Abstract
Common mental disorders are responsible for nearly 30% of the non-fatal disease burden in Australia [1], yet fewer than one in six people with depression or anxiety receive evidence-based treatments [2, 3]. Care, for those who do access it, is largely provided by general practitioners (GPs), whose ability to deliver optimal treatment is often impeded by heavy case-loads and inadequate training and support [4, 5].
In an effort to improve access to mental health care, 108 projects have been funded progressively since July 2001 under the Access to Allied Psychological Services component of the Better Outcomes in Mental Health Care programme. The projects are similar, in that they are all under the auspices of the Divisions of General Practice, and all enable GPs to refer patients to allied health professionals (usually psychologists) for six or more sessions of low-cost, evidence-based mental health care. However, they differ in the models they use to retain, locate and direct referrals to their allied health professionals [6].
The projects are encouraged to enter patient-level and session-level data into a minimum dataset. Various evaluation activities have drawn on aggregated data from this minimum dataset, and have suggested that the Access to Allied Psychological Services projects have improved access to high-quality psychological care for people whose access might otherwise have been restricted by barriers such as cost [7].

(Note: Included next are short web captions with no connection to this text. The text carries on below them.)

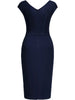 Women Vintage Cap Sleeve V-Neck Ruched Slim Knee Length Cocktail Party Wrap Sheath Bodycon Pencil Dress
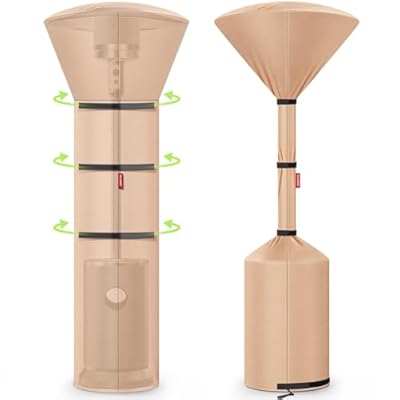 QH.HOME 2025 Upgrade Heavy Duty Tear Resistant Patio Heater Covers,with Tough YKK Zipper and Multiple Windproof Design,Suitable for all kinds of Severe Weather,89"H x 33"D x 19"B,Camel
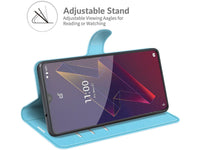 Lederhülle Karten Wallet Ledertasche Etui für Wiko Power U10 in hellblau von Screenguard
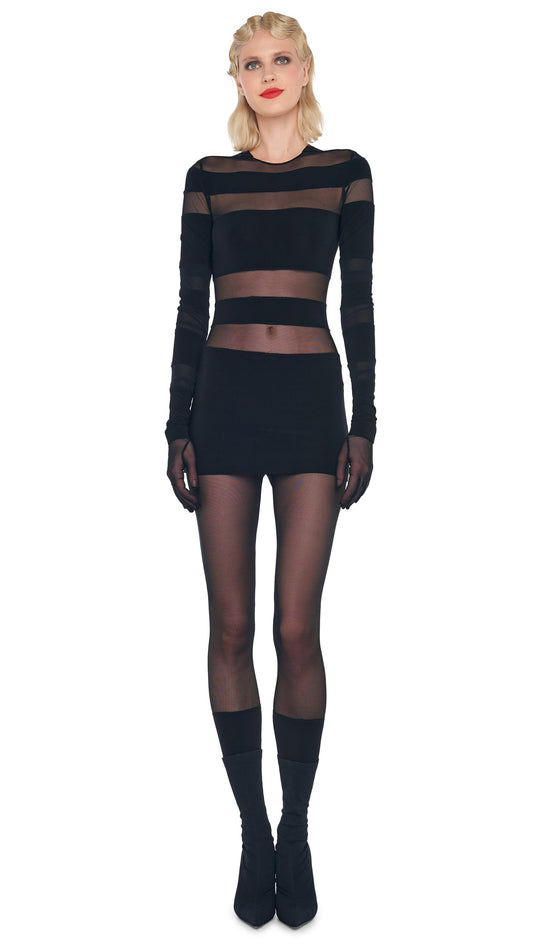 SPLICED PICKLEBALL DRESS Black/Black Mesh | Norma Kamali Women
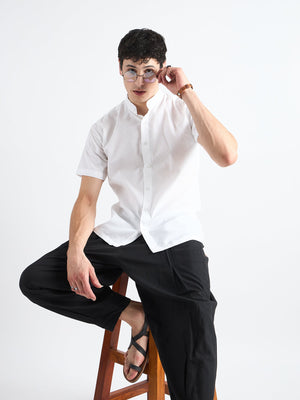 All Yours Pearl white Mandarin Collar Linen Shirt Sitting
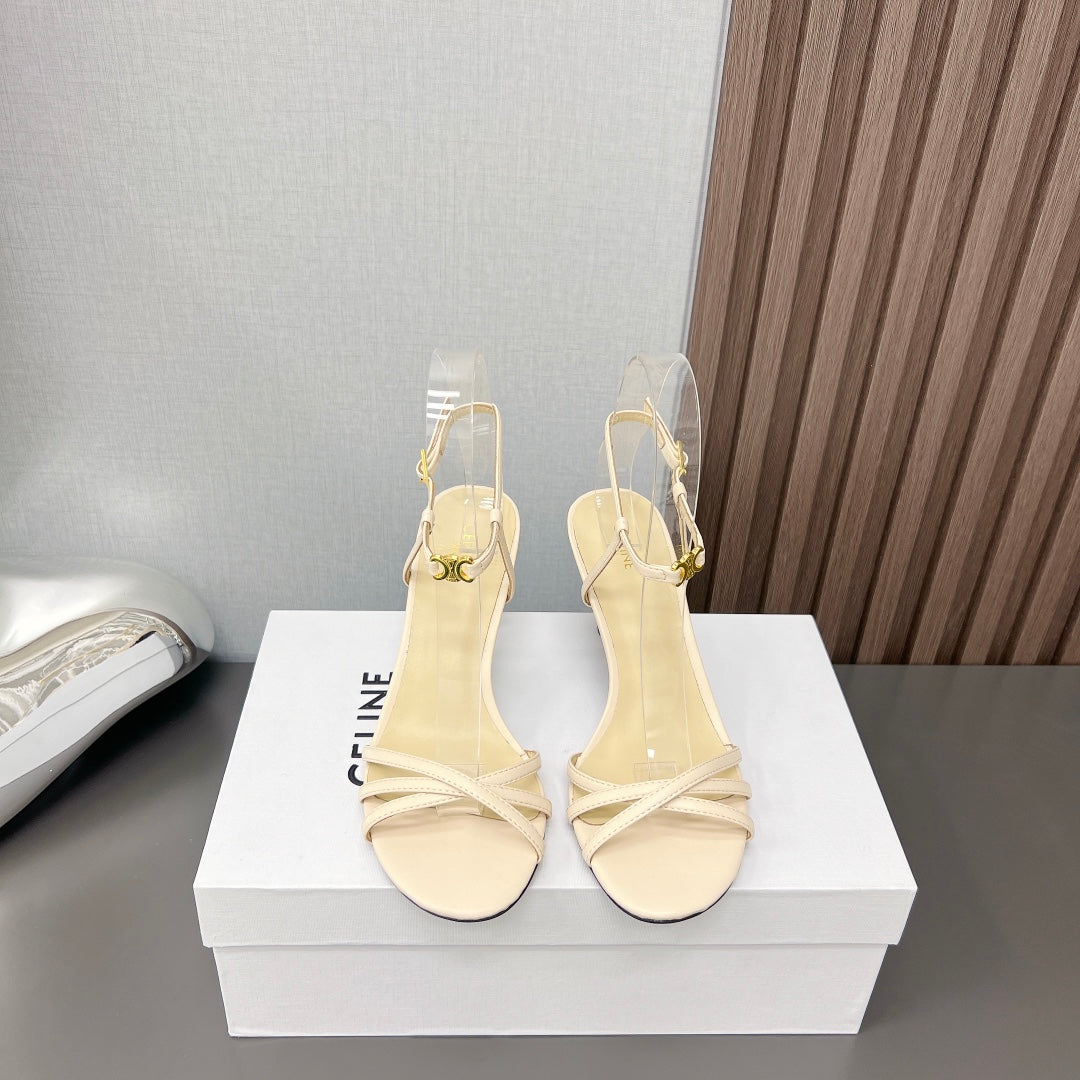 CUIR TRIOMPHE SANDAL IN LAMBSKIN YELLOW CREAM - 35
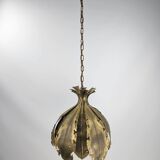 Svend Aage Holm Sørensen hanging lamp copper leaves brutalist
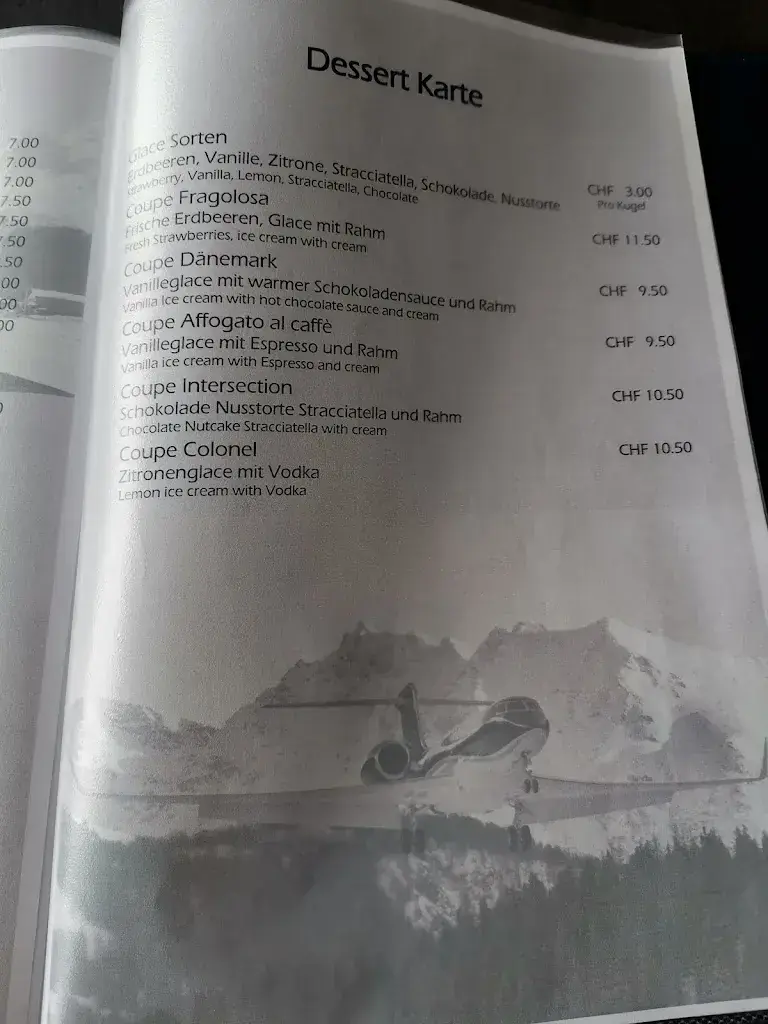 Menu_Restaurant Flugplatz 'Intersection'_Samedan_immagine_3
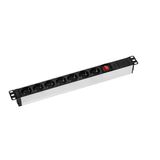 Power strip 19 inches with shutterwith two-pole red switchsockets 7 way german versionWITHOUT CABLEPlace of use IndoorWith multi angled mounting bracketMaterial AluminiumOperating voltage 230 V/ACColour Gray / BlackRated current 16 A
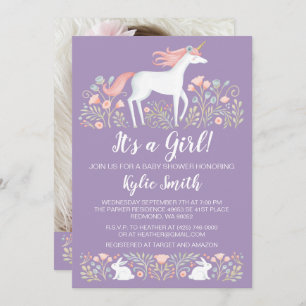 Aankondiging Unicorn Floral Baby shower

The ultimate arbiter of success, however, is whether the projects are having a positive impact in terms of patient outcomes (e.g. level of functioning, severity of symptoms and/or quality of life). Originally, the minimum dataset did not include any outcome data because of logistical difficulties associated with the wide variety of different outcome measures being used across projects [8]. In mid-2005, however, outcome measure fields were added to the minimum dataset, and it is now timely to consider the direct impacts that the projects are having for patients. Adopting a methodology that uses a common metric to quantify the varying outcome measures, the current paper examines the following evaluation questions: (i) what is the level of patient outcomes within and across projects; and (ii) do improvements in patient outcomes vary depending on the model of service delivery?
Method
Examining the level of patient outcomes within and across projects
Data sources
To address the first evaluation question, the report drew on outcomes data from the previously mentioned minimum dataset. The minimum dataset is a web-based national database that standardizes the basic information collected by Divisions implementing Access to Allied Psychological Services projects. The minimum dataset captures de-identified, descriptive patient-level sociodemographic, clinical and outcome information and session-level treatment information.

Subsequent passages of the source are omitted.